It is an interesting question of whether a person should find that significant other
that is totally like them in every way to help balance life especially in the hard times.
As much as people are bird watchers, I am a people watcher. I love the fact that
everyone is different in their own ways and I find it interesting how other
couples interact. Pondering this question while at the hospital last night I
noticed how different people reacted to the circumstance that they found
themselves in (often when I witness situations such as this I find myself
talking to them, but this time I just stayed an observer).
There is no greater times of stress for families and couples than when they
have a loved one in the hospital that is either critically injured or is about
to pass away. What I noticed out of the couples that I "watched" was that while
waiting on some "news" the men and women in those relationships were different
in their behaviors, demeanor, and even their likes. Example: The men would
either read a magazine from the table, usually a fishing or hunting magazine,
while the women would either be talking to other people in the waiting room or
on their phones talking. When the "news" came the two came together to console
or rejoice with the other regardless of how alike or different they were in that
situation.
Another example of people watching is that of being in a coffee shop. There
are a variety of the different kinds of couples in coffee shops. There are those
that just met and then there are those who have been together for years that
just have made a habit of going to the coffee shop to spend time together. It
doesn't take long to notice the differences between those who have just newly
met and those who have been married or together for years. The new couple is
young and just gabbing away discussing their future and the many things that
they have in common. Then there is the older couple who is sitting at the table
together that will occassionally share a short discussion, but they are reading
their newspaper and usually more in solitude. The older couple is usually
reading something totally opposite of their mate.
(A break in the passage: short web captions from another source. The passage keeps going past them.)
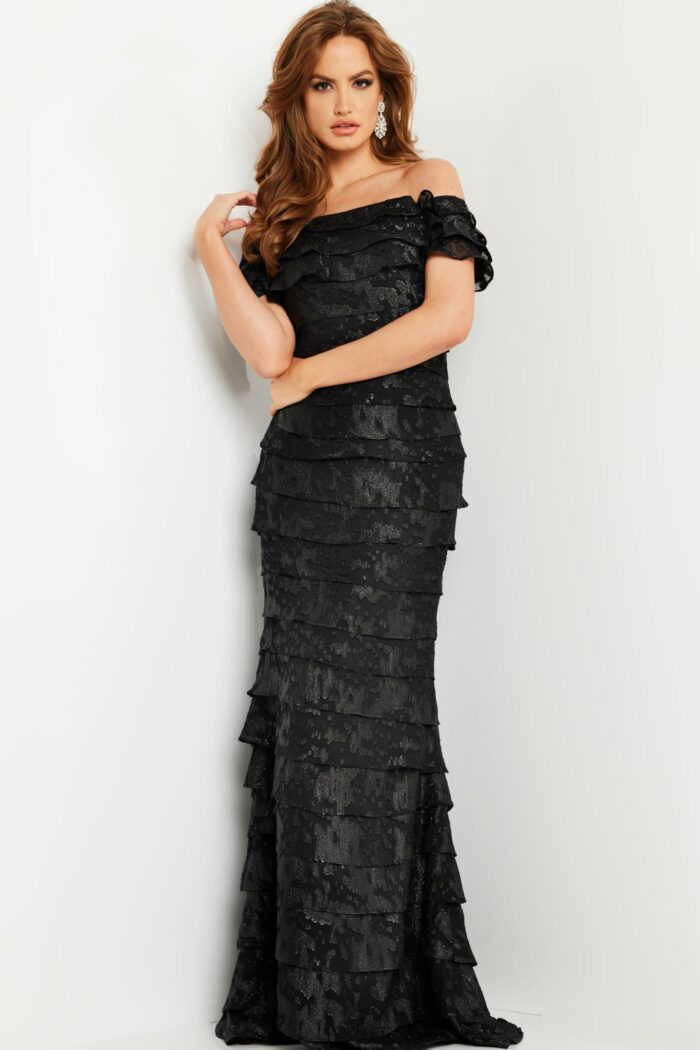 Model in Jovani 23890 black gown, displaying back view and layered texture.
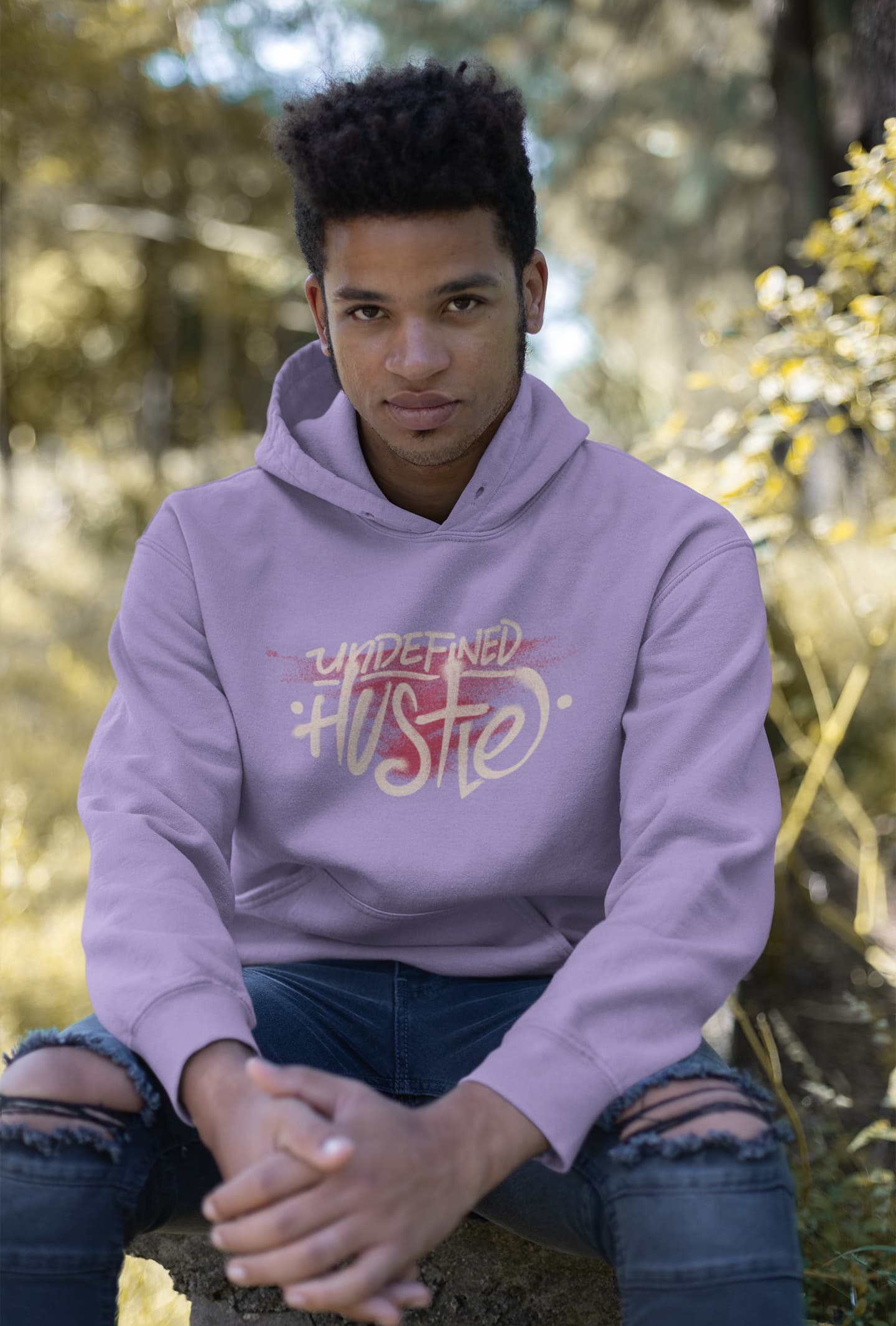 Person wearing a purple hoodie with text sitting in a natural setting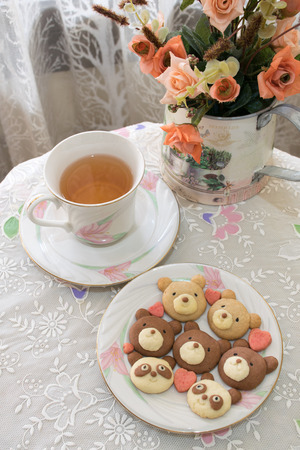 Teddy cookies with a cup of tea.の写真素材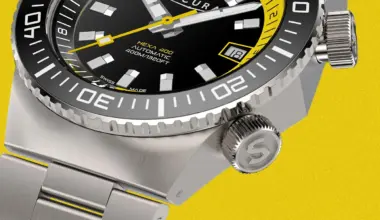 Close-up of a stainless steel dive watch with black and yellow dial, rotating bezel, and date window on a yellow background.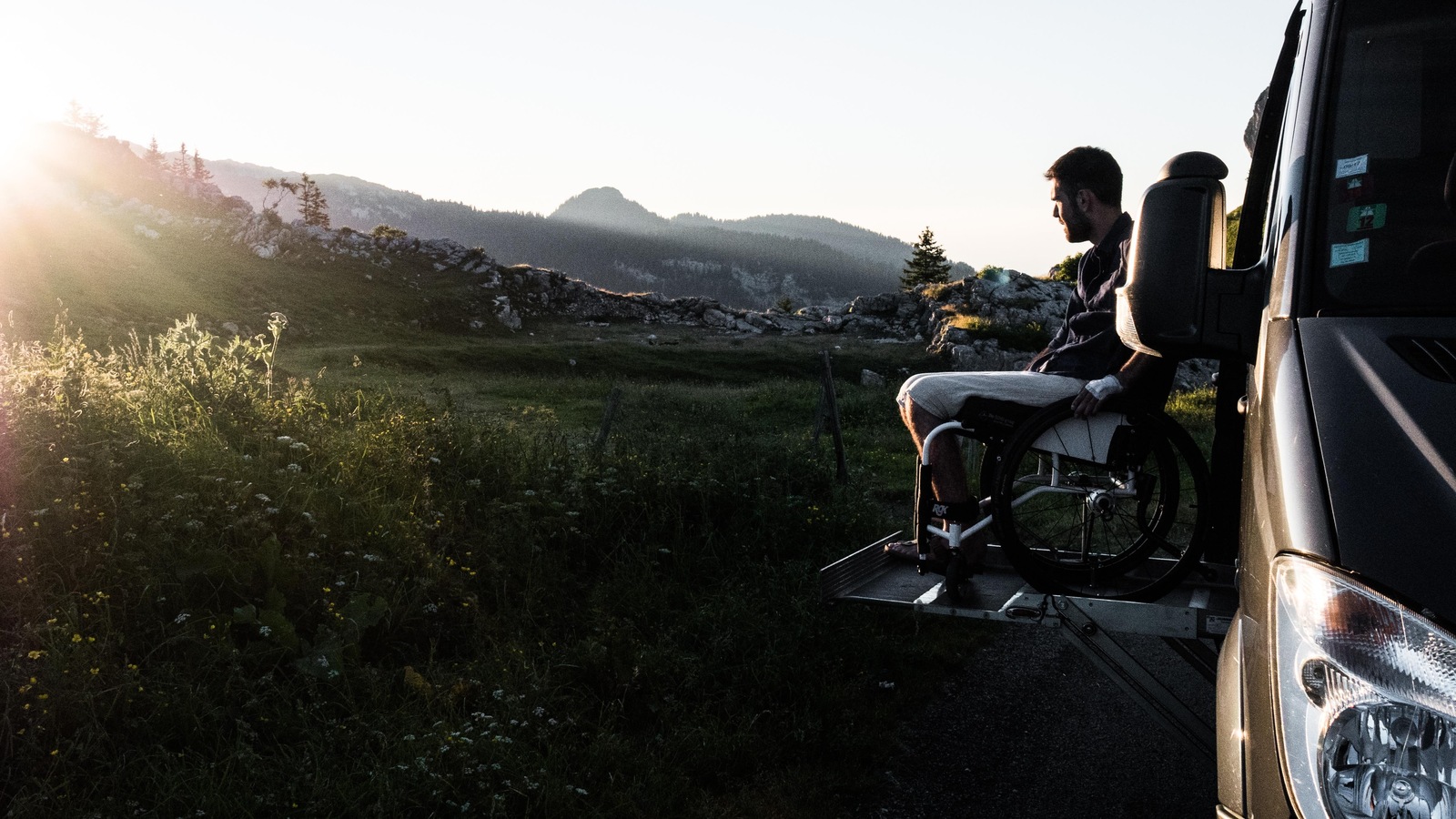 Le jeune homme est assis dans son fauteuil roulant, qui est installé sur la rampe du camion. Le jeune homme est assis dans son fauteuil roulant, qui est installé sur la rampe du camion.
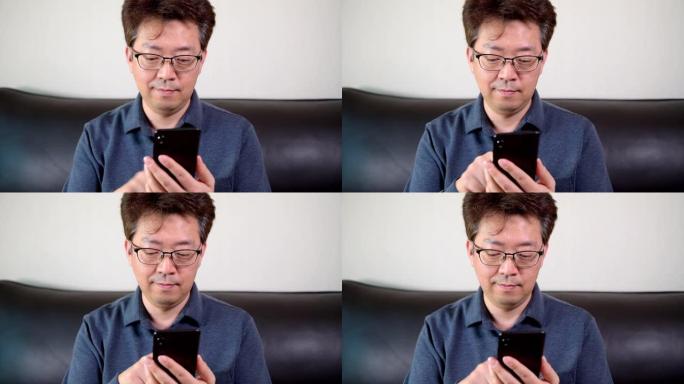 亚洲中年男性试图在手机上阅读一些东西。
Though these are simple examples and doesn't go into detail the total
differences of couples however; it does prove a statement that Deal stated,
"When boy meets girl-and boy falls in love with girl-there is a lot of chemistry
that is visible to any observer: extended smiles, gazing at each other, gestures
that communicate an openness to each other, elation when you hear from them,
random acts of kindness, and the like" (Deal, 2012, p.117). At this point when
chemistry is so high between the two it can be impossible to tell whether or not
the couple is really alike or not. They may have a lot in common such as music,
hiking, climbing, fitness, or another of variety of things, but I would say that
it is almost nearly impossible to find that perfect someone that one male is
perfectly similar to their future mate especially enough to help out during
times of adversity. Differences in relationships can be used to or should
compliment the differences in each other.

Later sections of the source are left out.